Farmscape Canada

 


Audio 
Feature Report Listen
Full Interview 13:35 Listen

Rate this Article:

Name:
Email:
Comments:




Printer Friendly Version
Automated Swine Transport Trailer Disinfection Moving Closer to Commercialization
Dr. Terry Fonstad - University of Saskatchewan

Farmscape for November 18, 2019

A Swine Innovation Porc project aimed at automating the cleaning and disinfection of swine transport trailers to improve biosecurity and reduce disease transmission has moved closer to commercialization.
Scientists with the University of Saskatchewan, the Vaccine and Infectious Disease Organization, the Prairie Swine Centre and the Prairie Agricultural Machinery Institute are working on behalf of Swine Innovation Porc to improve the efficiency of washing swine transport trailers and the inactivation of disease causing pathogens.
Dr. Terry Fonstad, a Professor in the College of Engineering at the University of Saskatchewan, says phase-3 will hopefully move the project toward commercialization.
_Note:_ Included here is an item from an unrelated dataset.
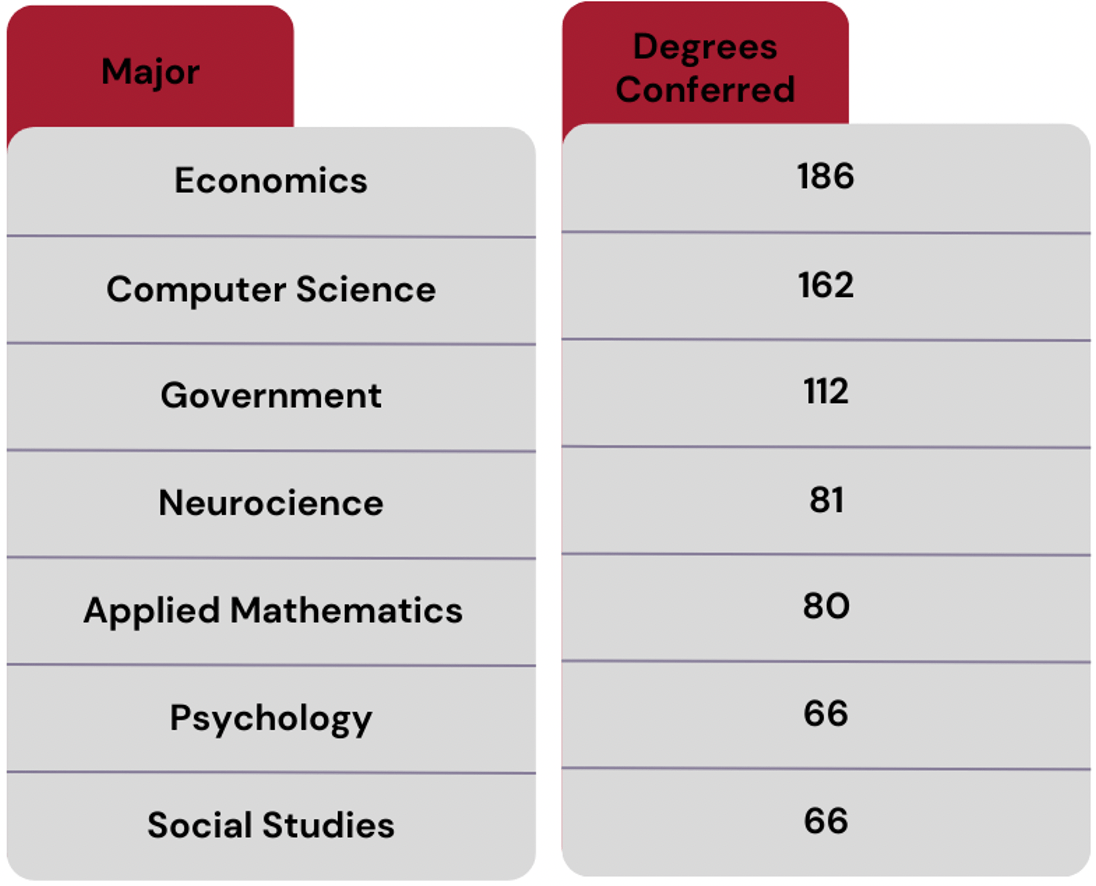 10 Top Scholarships for Business Majors in 2024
Clip-Dr. Terry Fonstad-University of Saskatchewan:
PAMI's work has now brought in partners from the robotics industry, a robotics company out of Ontario and a hydrovac system company out of Wisconsin that are interested in combining their talents to actually perhaps commercialize the wash system.
VIDO's work will go into the  field.
In the lab we know we can kill these pathogens with heat but now we have to take pathogens that may have the same characteristics, but not be swine pathogens, and test them in actual bake ovens that bake trailers and make sure that we're actually getting  the kill that we need.
They may have to be proxy pathogens.
We're working through that with them.
The Prairie Swine Centre is working with the trailer manufacturers and we, at the College of Engineering are working with a private company called Transport Genie and Be Seen Be Safe out of Guelph that is actually already working on the humidity and temperature sensing for animal welfare and we're going to add onto their product the ability to trace the trailer, GPS, and be able sense the heating of the actual trailer frame for pathogen destruction.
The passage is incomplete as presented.